What is needed is the full listing written out exactly, minus the pictures.

╭─ THE DATA

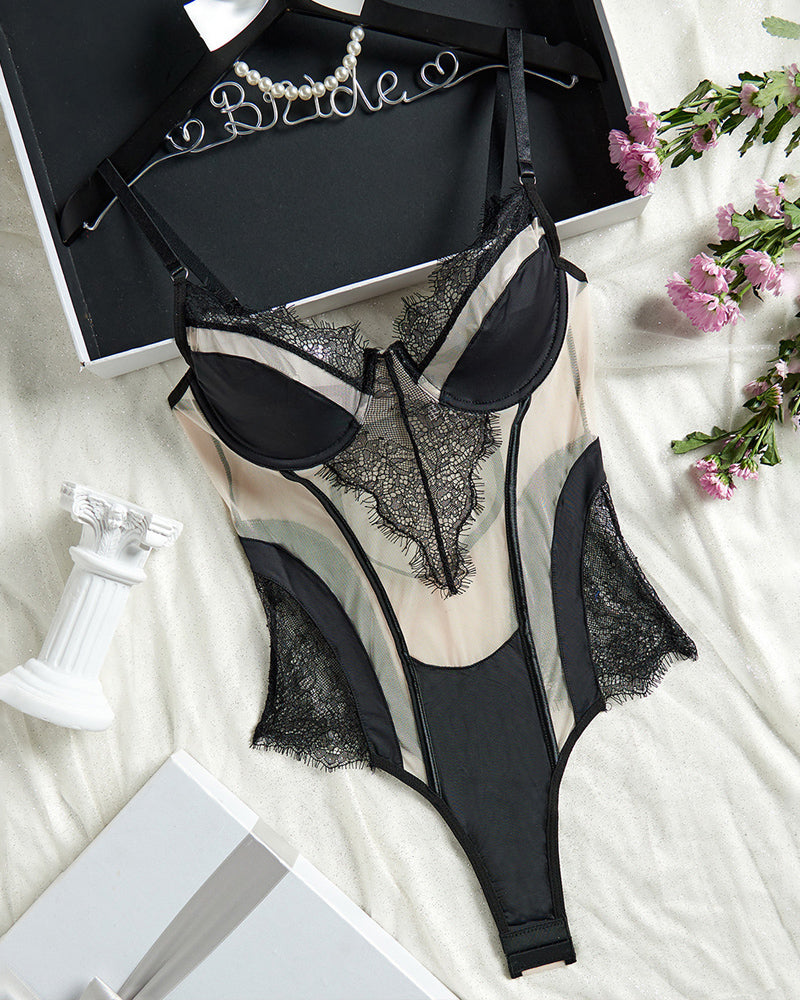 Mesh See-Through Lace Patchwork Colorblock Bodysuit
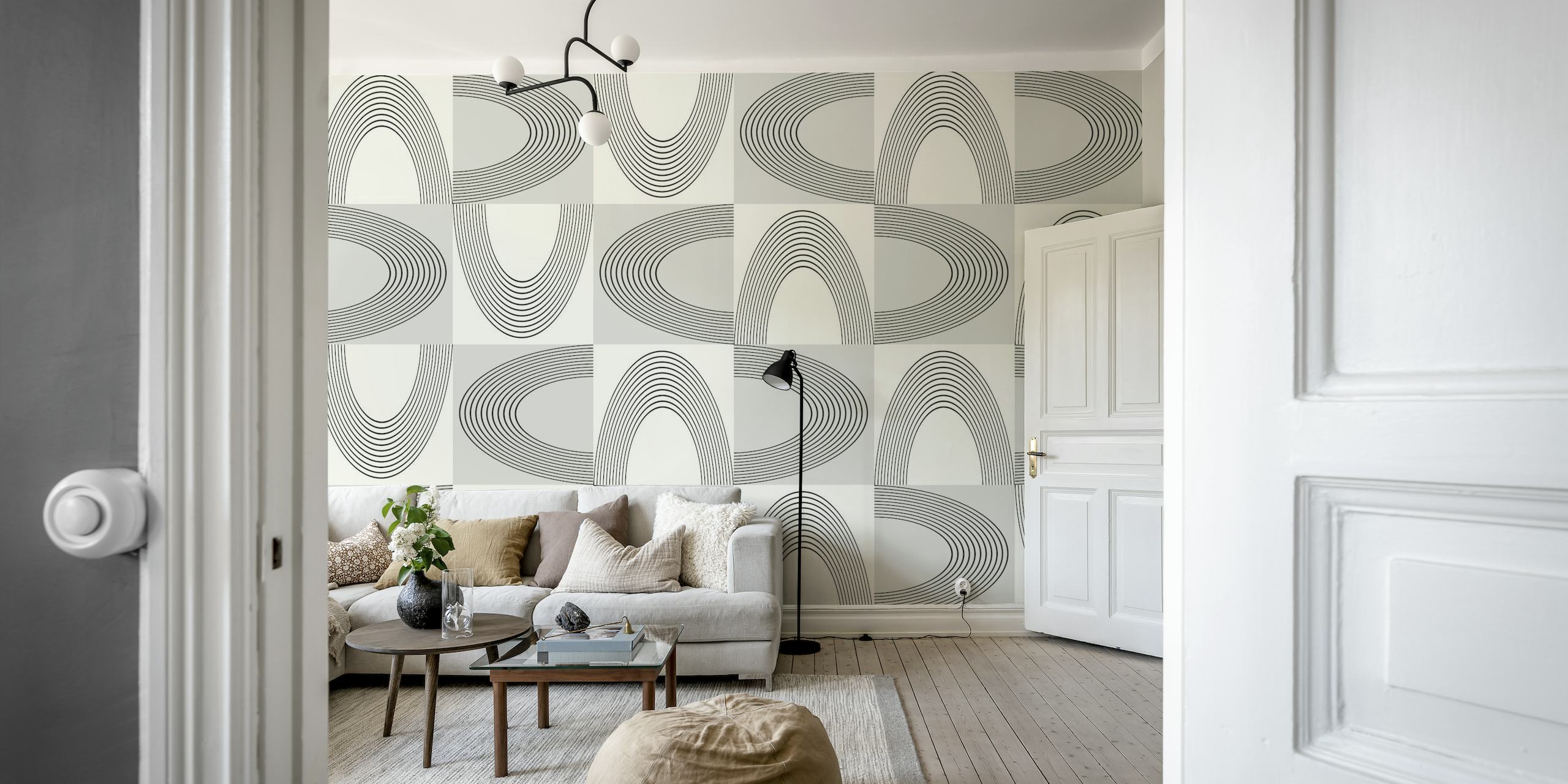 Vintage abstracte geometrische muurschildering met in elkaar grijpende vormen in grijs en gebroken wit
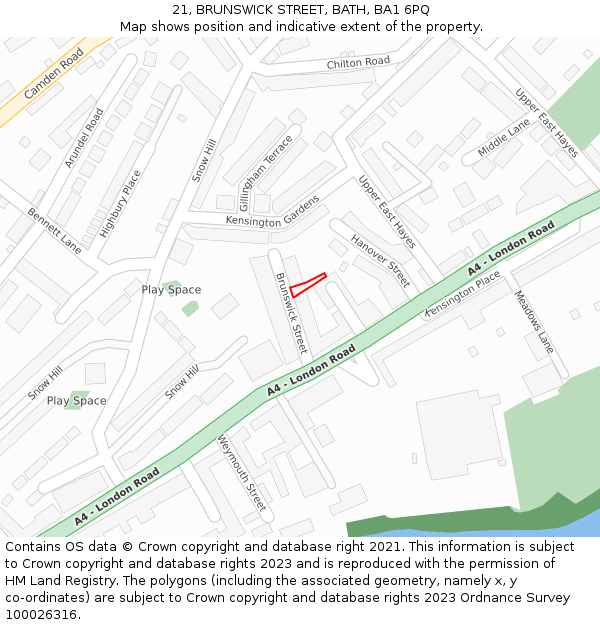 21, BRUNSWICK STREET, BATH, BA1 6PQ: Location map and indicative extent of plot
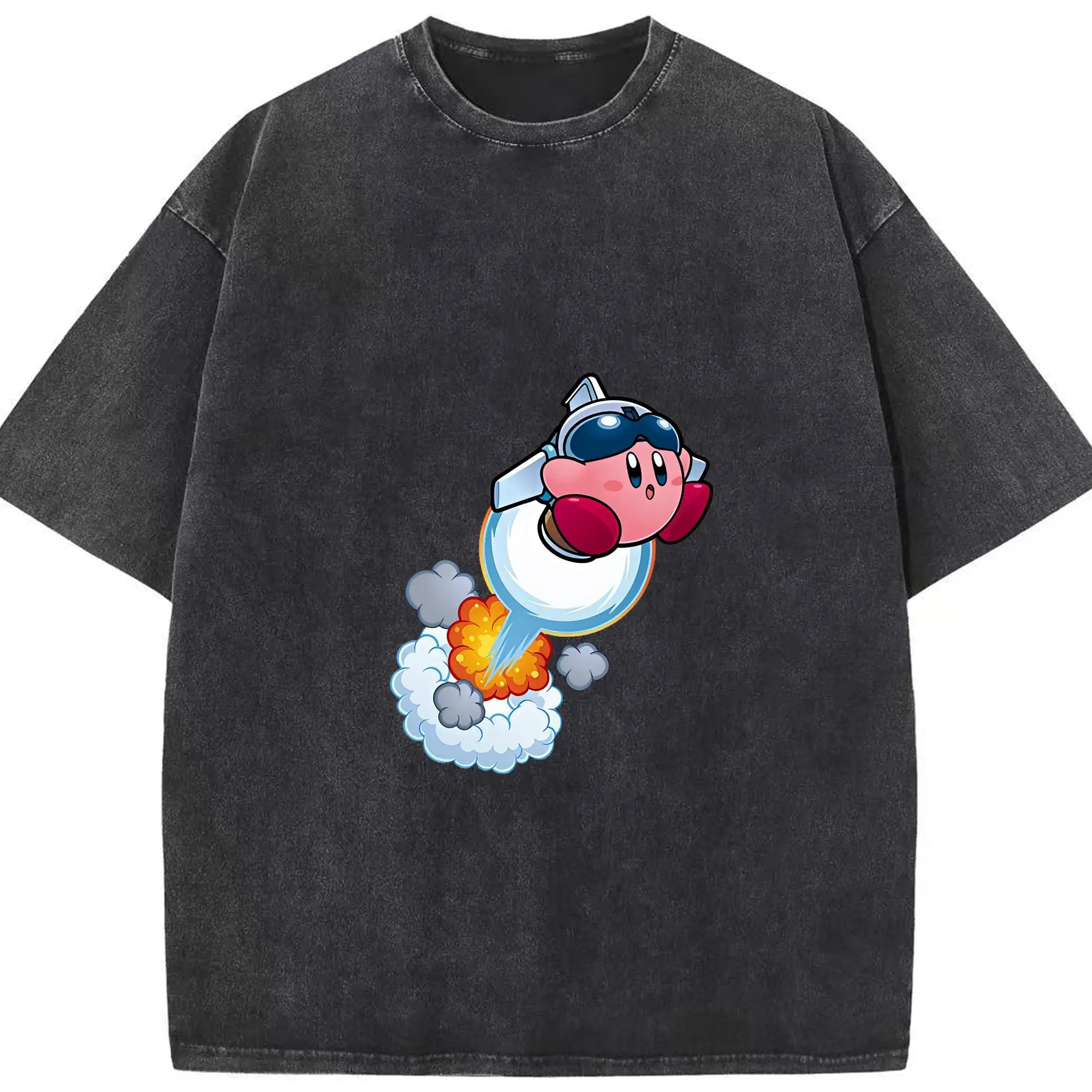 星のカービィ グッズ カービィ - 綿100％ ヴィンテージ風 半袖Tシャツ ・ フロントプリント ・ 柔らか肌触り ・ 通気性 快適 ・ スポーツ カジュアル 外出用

╰─

OUTPUT OF THE EXERCISE.
 Mesh See-Through Lace Patchwork Colorblock Bodysuit
 Vintage abstracte geometrische muurschildering met in elkaar grijpende vormen in grijs en gebroken wit
 21, BRUNSWICK STREET, BATH, BA1 6PQ: Location map and indicative extent of plot
 星のカービィ グッズ カービィ - 綿100％ ヴィンテージ風 半袖Tシャツ ・ フロントプリント ・ 柔らか肌触り ・ 通気性 快適 ・ スポーツ カジュアル 外出用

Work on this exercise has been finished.